DATA EXTRACT:
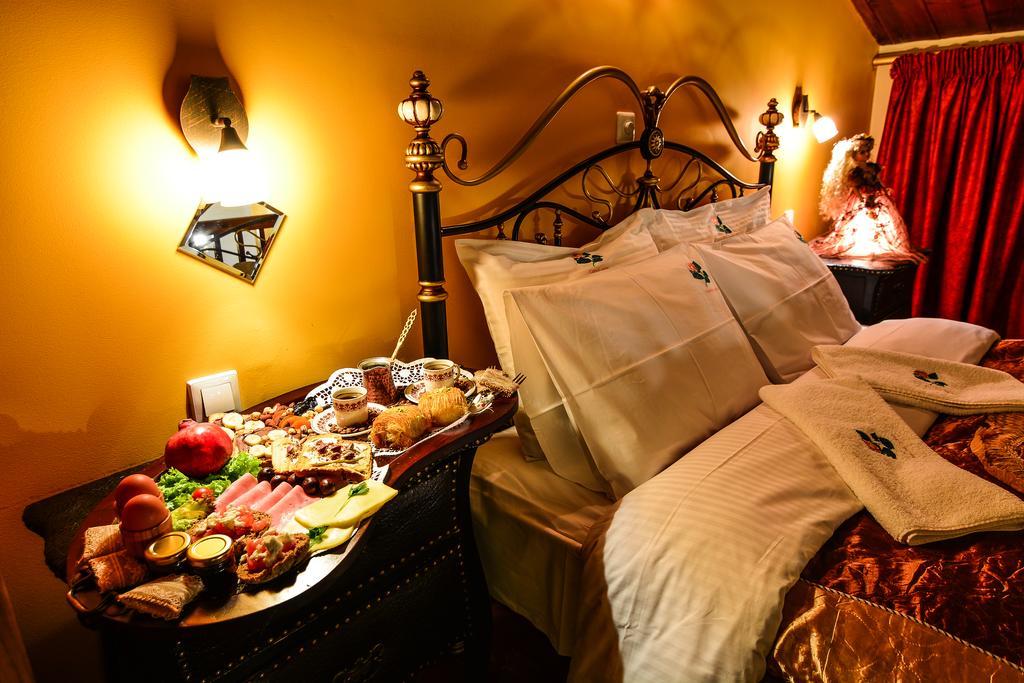 Camelia Suites Synikia Mesi Trikalon Eksteriør bilde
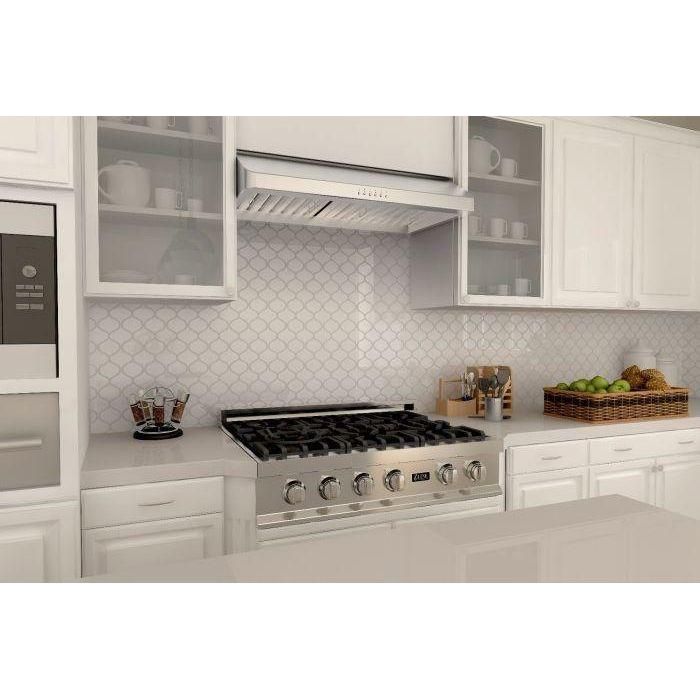 ZLINE 30 in. Under Cabinet Stainless Steel Range Hood 623-30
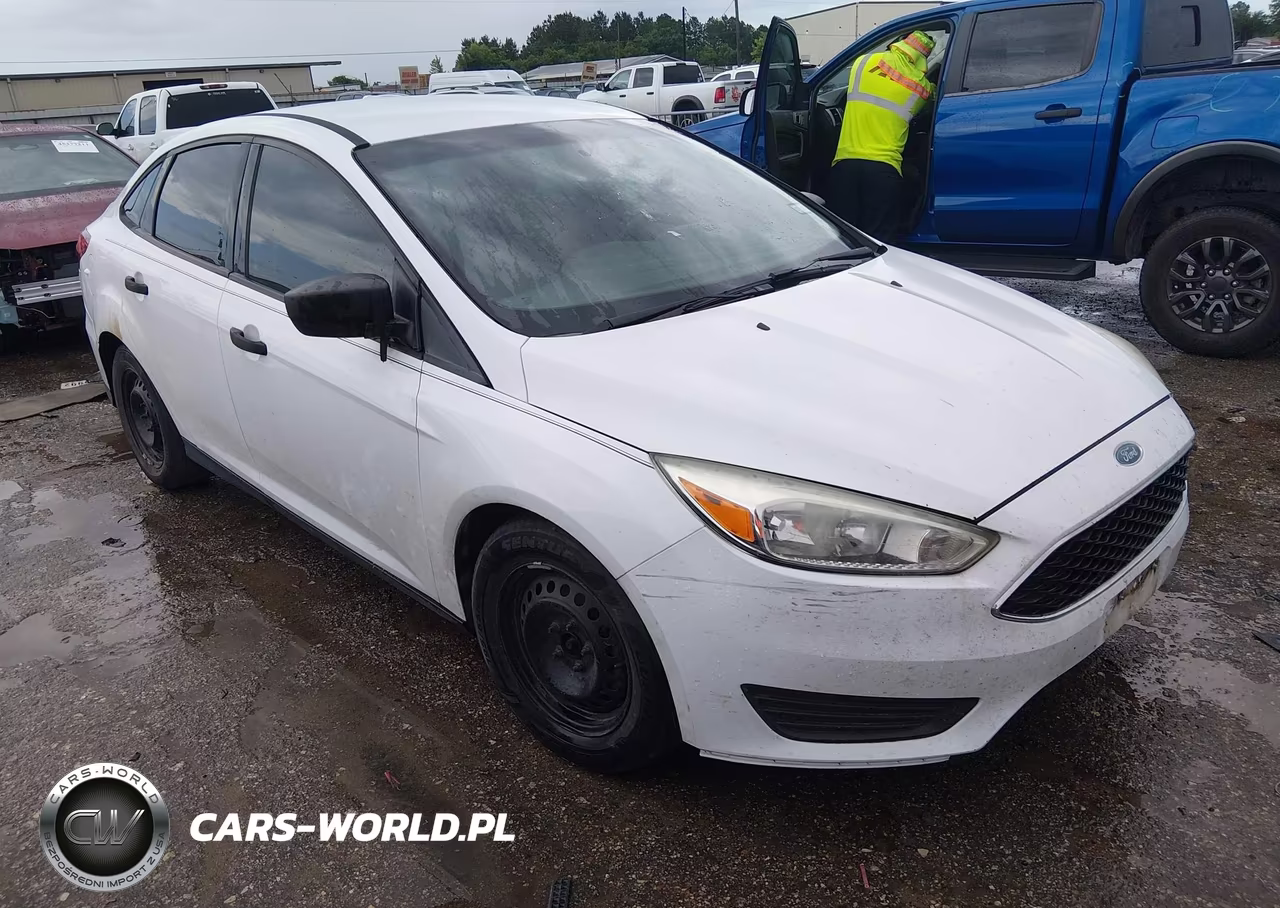 2017 Ford Focus S – zdjęcie 1 z 14
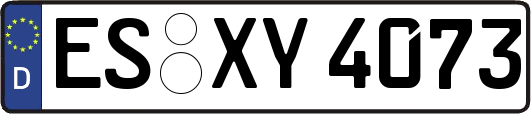 ES-XY4073
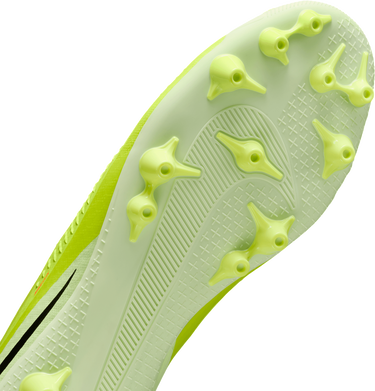 Кецове и обувки Nike Phantom 6 Low Academy AG Жълто | hq2322-800, 7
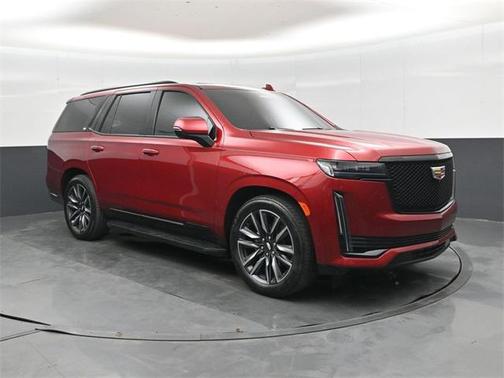 2024 Cadillac Escalade Sport Platinum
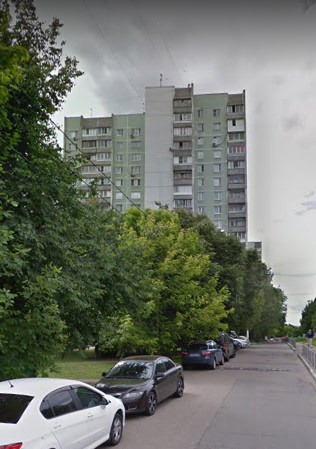 Москва Кировоградская улица дом 44А корпус 2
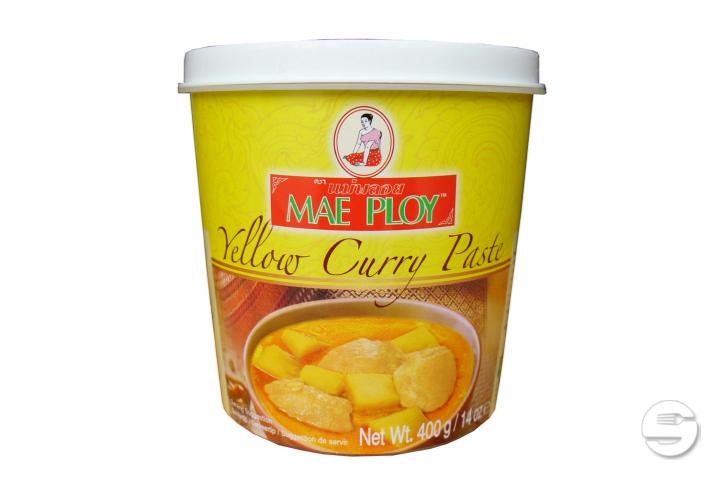Curry pasta verde MAE PLOY - DiDi Asian Market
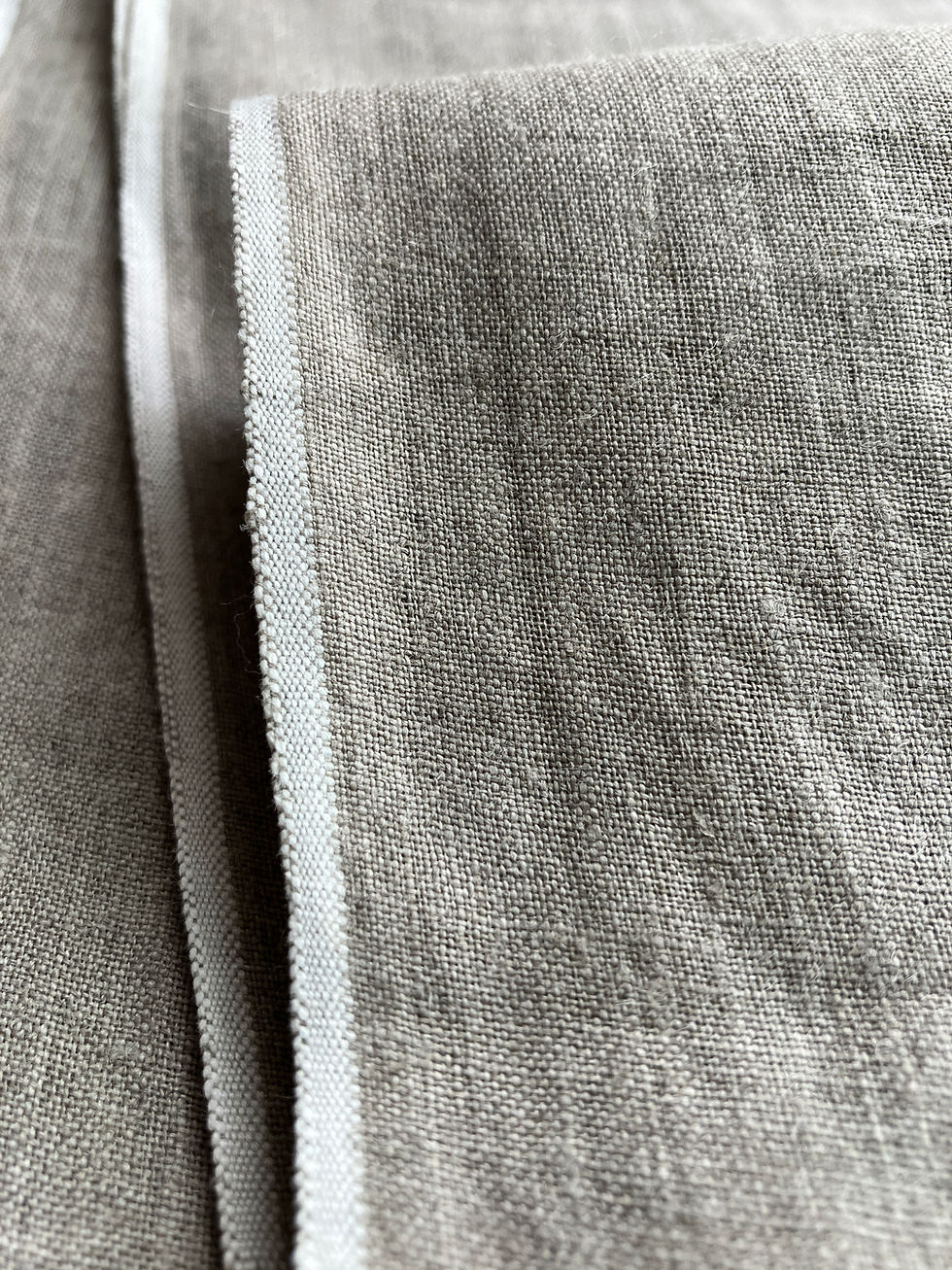 Thumbnail: NH25-01 Natural Hemp Cloth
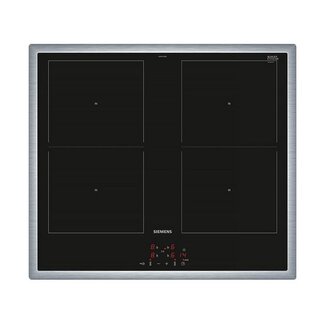 Siemens EM645CQB6E | Inductie kookplaat | Powerboost Siemens EM645CQB6E | Inductie kookplaat | Powerboost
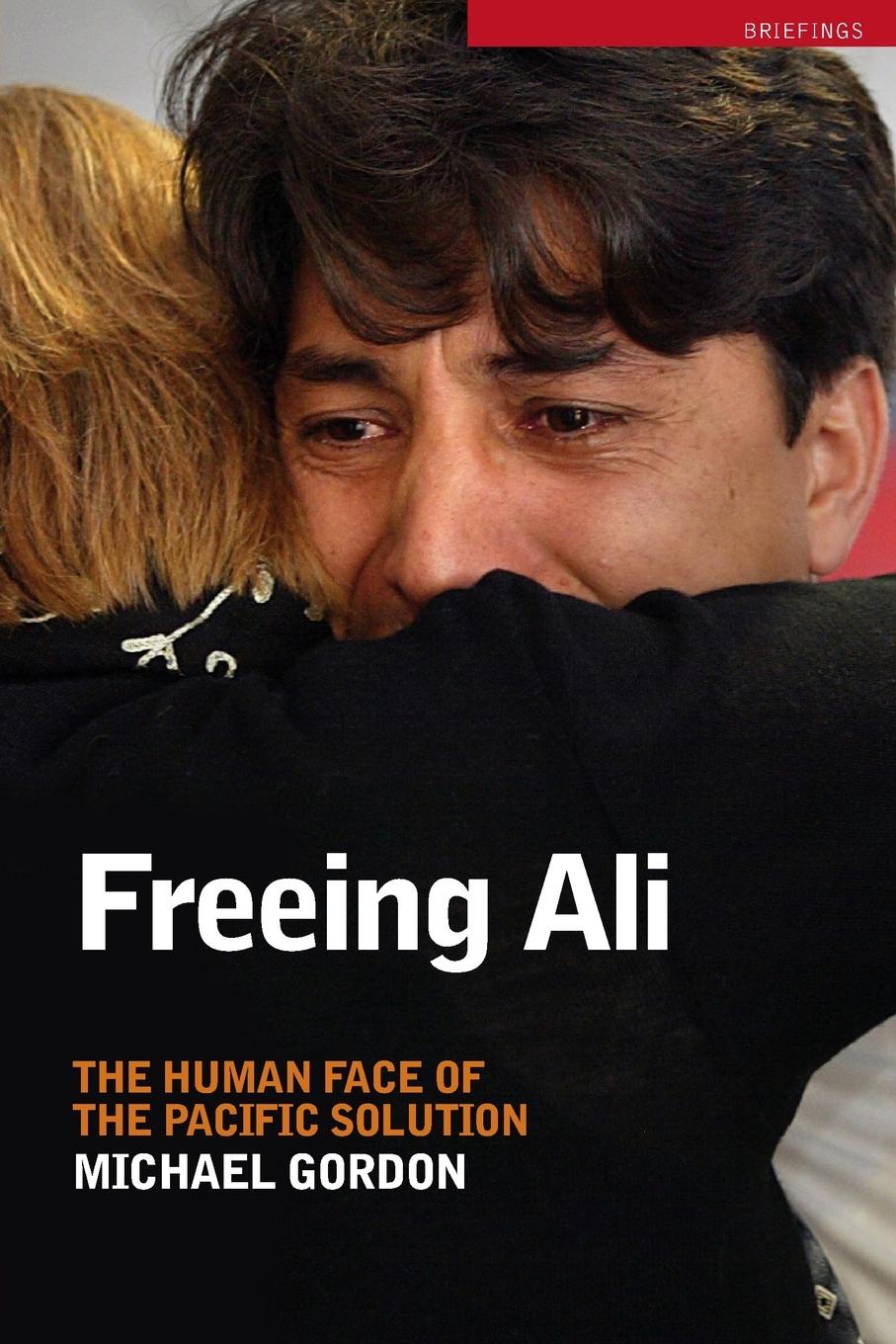 Vorderes Coverbild Freeing Ali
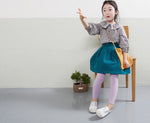 Ready Stock : Plain Leggings (Neon Green)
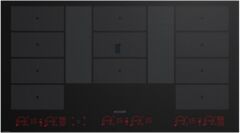 Arçelik OI 90213 S Siyah Flexi İndüksiyonlu Ankastre Ocak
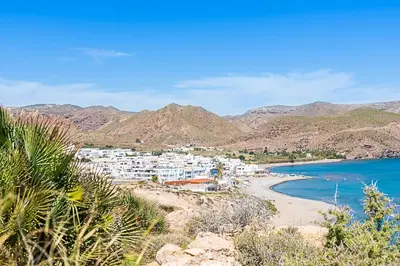 Paisaje cerca de este apartamento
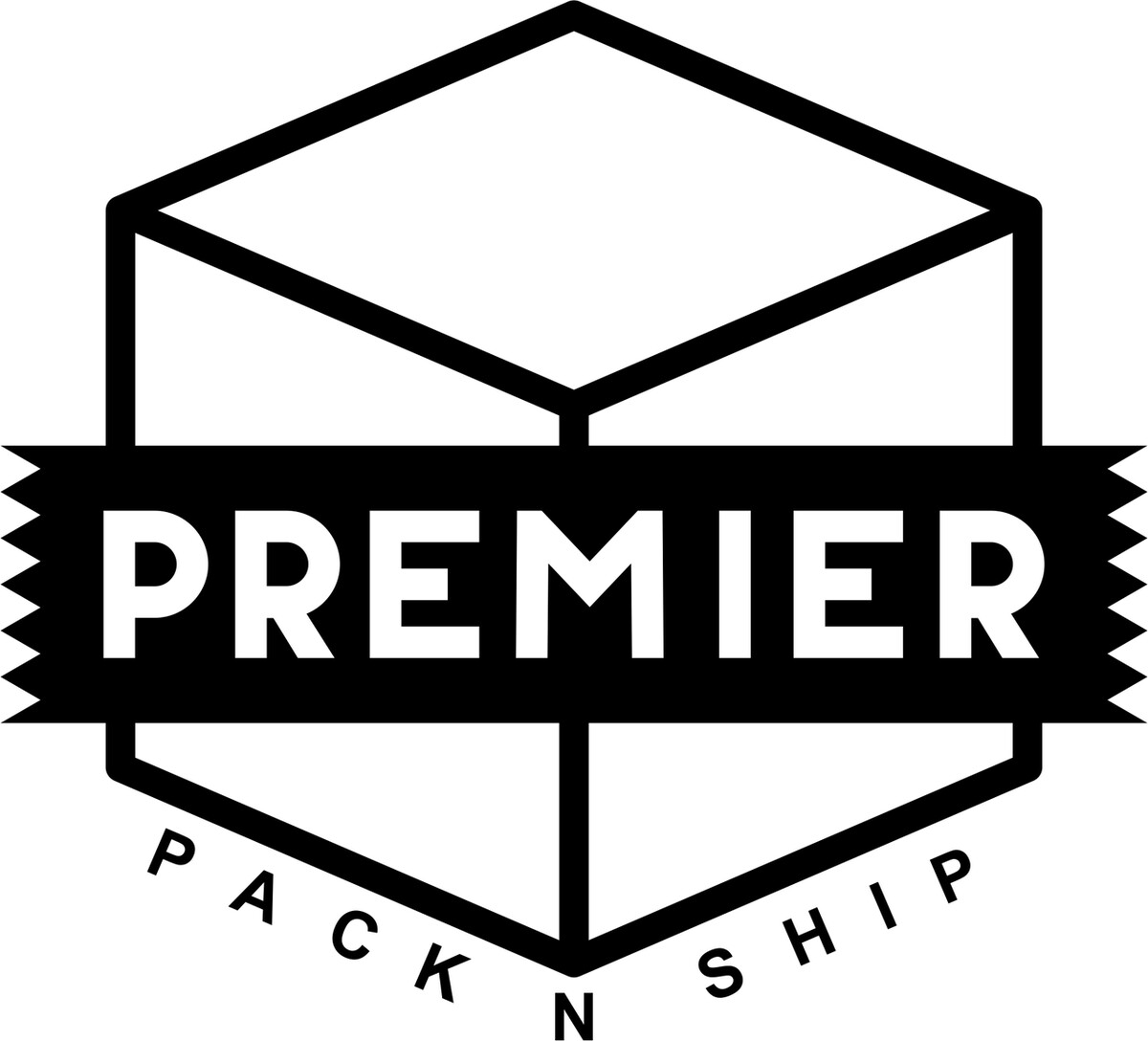 Premier Pack N Ship Logo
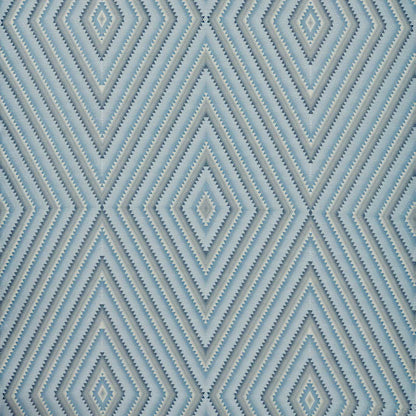 TESSUTO "DAZZLE - WOAD" - Giles Deacon - SANDERSON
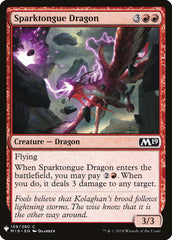 Sparktongue Dragon [Mystery Booster] | Exor Games Dartmouth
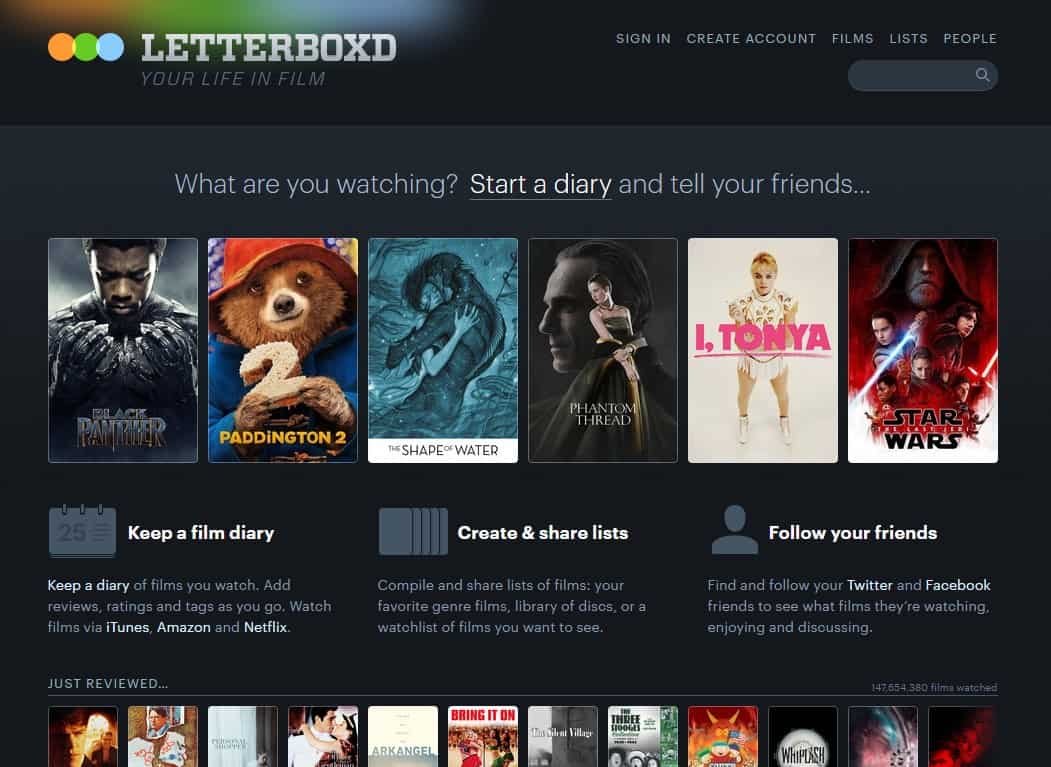TechGYO_ Social Networking Site_ LetterBoxd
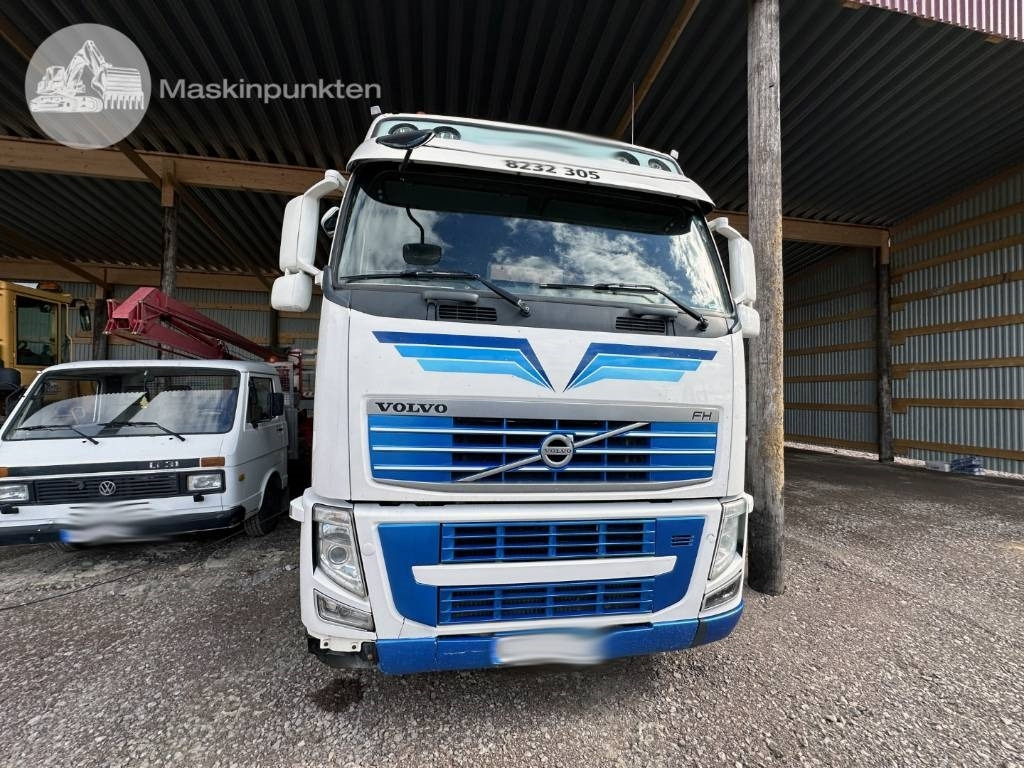 Volvo FH 12 540  - Šticar: slika 3 Volvo FH 12 540  - Šticar: slika 3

WHAT THE TASK REQUIRES: Output the listing word for word. Drop the pictures.

REPLY TO THE EXERCISE:
 Camelia Suites Synikia Mesi Trikalon Eksteriør bilde
 ZLINE 30 in. Under Cabinet Stainless Steel Range Hood 623-30
 2017 Ford Focus S – zdjęcie 1 z 14
 ES-XY4073
 Кецове и обувки Nike Phantom 6 Low Academy AG Жълто | hq2322-800, 7
 2024 Cadillac Escalade Sport Platinum
 Москва Кировоградская улица дом 44А корпус 2
Curry pasta verde MAE PLOY - DiDi Asian Market
 Thumbnail: NH25-01 Natural Hemp Cloth
 Siemens EM645CQB6E | Inductie kookplaat | Powerboost Siemens EM645CQB6E | Inductie kookplaat | Powerboost
 Vorderes Coverbild Freeing Ali
 Ready Stock : Plain Leggings (Neon Green)
 Arçelik OI 90213 S Siyah Flexi İndüksiyonlu Ankastre Ocak
 Paisaje cerca de este apartamento
 Premier Pack N Ship Logo
 TESSUTO "DAZZLE - WOAD" - Giles Deacon - SANDERSON
 Sparktongue Dragon [Mystery Booster] | Exor Games Dartmouth
TechGYO_ Social Networking Site_ LetterBoxd
 Volvo FH 12 540  - Šticar: slika 3 Volvo FH 12 540  - Šticar: slika 3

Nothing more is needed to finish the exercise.